The role of ambient air becomes negligible when it is allowed to escape, for instance, by having an impactor with a non-zero deadrise angle. There exists the canonical model by Wagner (1932) to calculate the impact pressures on water-impacting wedge-like objects. The original treatment yields singularly high pressures at any given point on the wedge, which were regularised using asymptotic matching by, e.g., Zhao & Faltinsen (1993). However the model calculations were still found to be consistently larger than measurements, and vary along the wedge’s surface. We showed that the disagreement between the model and measurements arises due to a spatially-averaged pressure being measured in experiments. The model is thus used to compute spatially-averaged pressures, and shown to anticipate the measurements excellently. We suspect our work to be the most rigorous test to date of the assumptions that go into Wagner-like models, and of the results that they produce.

Subsequently, we put a spin on the behaviour of intervening air layer in between a disc and a water surface: instead of merely squeezing it out of the gap, its flow was modulated by shaking the disc with a prescribed frequency and wavelength.
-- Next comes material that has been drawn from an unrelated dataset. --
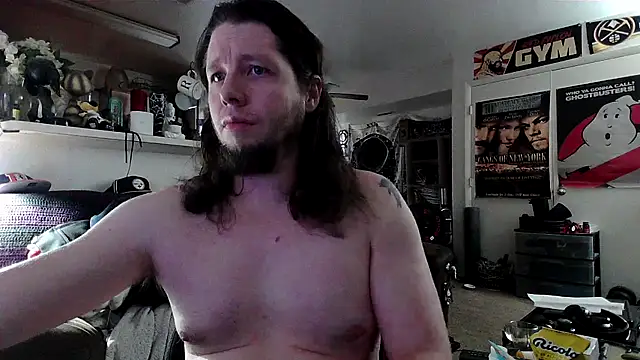 biggerisbetter12 online show from 10/27/25, 02:51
The resulting air flow excites standing waves on water surface under the disc. The standing waves transform into travelling surface waves in the absence of forcing from the air. The system is a resonator with forced oscillations, however, one that leaks energy into its surroundings. The dissipative nature of resonating waves can be likened to how a stringed instrument with an air cavity, such as a guitar, creates and emits acoustic waves. The experimental situation was analytically modelled by approximating the air flow as lubrication flow, that excites waves on the water surface via a sloshing-like imposition of time-periodic pressure condition.

Finally, liquid impacts were studied where both the projectile and target phases were liquid. The projectile drops were of silicone oil, while the target was a water pool. The properties of the projectile drop were varied by using silicone oils with different viscosities. It was shown that despite the drop containing a very viscous oil, the early growth of the crater in the water pool was still a process driven by the drop’s inertia. However in later stages, an enhanced dissipation in the drop liquid resulted in clear slowing-down of the dynamics of the crater.

In summary, in a typical liquid slamming event, the ambient fluid plays an important role in deforming the liquid interface during all stages of the impact process. Liquid slamming events are associated with the generation of large forces upon impact. The trapped fluid plays an important role in influencing these forces. The role of this trapped fluid, both before and after impact, was elucidated in different scenarios by performing geometrically simplified experiments. It was shown that the flow of trapped ambient fluid can, at least in principle, be manipulated to potentially influence the loads as desired.